Design for Expression and Creativity — Creating a Gesture-Based Interface for YouTube Video Playback

Rafe Batchelor
13 min readOct 21, 2020

by Rafe Batchelor, Brian Gourd, Jordan Montero, Robb Alexander

Final product demonstration video.

To try this demo out yourself, click here.

The user interfaces most commonly tied to computer usage have remained surprisingly stagnant throughout history when compared to the evolution of computer programs and their input/output functionalities. Take for example, the development of the smartphone; this piece of technology is reliant upon several major developments in the world of computing, from the shrinking of parts themselves to the integration of a touch-based interface. We have seen how smartphones, such as the iPhone, have begun to incorporate advancements in machine learning and facial recognition through the Face ID feature included in recent models. Yet, in regards to how we interact with the majority of computing devices themselves, the methods for inputting information and extracting the results seem to be overwhelmingly consistent: some form of keyboard is pressed to deliver input and some form of screen is used to deliver output. Given the vast array of methods for interfacing with computational hardware, by means of movement-tracking cameras or other sensory receptors, why have we remained so true to the keyboard and mouse model?

Mouse and keyboard forty years apart.

One reason comes in the idea of consistency itself, providing a circular answer to this question. Computers are certainly complicated devices with a high learning curve for most individuals who have not interacted with them throughout their upbringing or professional lives. Functions that seem intuitive to one, such as expectations for what will occur when double-clicking or right-clicking some region, may be completely puzzling to another. Thus, through the standardization of input and targeting methods over time, a set of expectations and consistency is created across generations of users. An individual today should be able to sit down at a computer in 2050 and have some sense of communicating input and receiving output from the device given that the device still relies on the constructs of a keyboard and mouse. While this individual might not have any idea how the programs themselves function, at the very least they possess the fundamental skills needed to interact with the computer itself and unlock usage features. Introducing new schemes for receiving user input only enhances the already high gulf of execution that is present in computing.

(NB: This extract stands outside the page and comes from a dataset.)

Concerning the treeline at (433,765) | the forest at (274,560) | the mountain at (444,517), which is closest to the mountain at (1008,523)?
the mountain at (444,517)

Another reason comes in the sheer recency of emerging input/output technologies. It is clear that the fields of machine learning and computer vision are of great interest as of late, stemming from advancements in computational runtime and accessible, modularized frameworks for accurate and fast detection or classification. One assumption that can be made is that these means for communicating gesture-based input to a computer have not had the time to be both perfected and implemented into consumer systems in an intuitive and highly-usable fashion. This is precisely where our design enters the picture. In our design process, we sought to transform the traditional keyboard/mouse based UI space into one reliant on computer vision-based gesture recognition in a way that is beneficial for the user. In other words, we are not simply translating functionalities that can be performed with a keyboard and mouse to functionalities that are performed through gestures with the same degree of difficulty or usefulness; rather, we are transforming these functionalities into a gesture-space that enhances the user’s experience within a program.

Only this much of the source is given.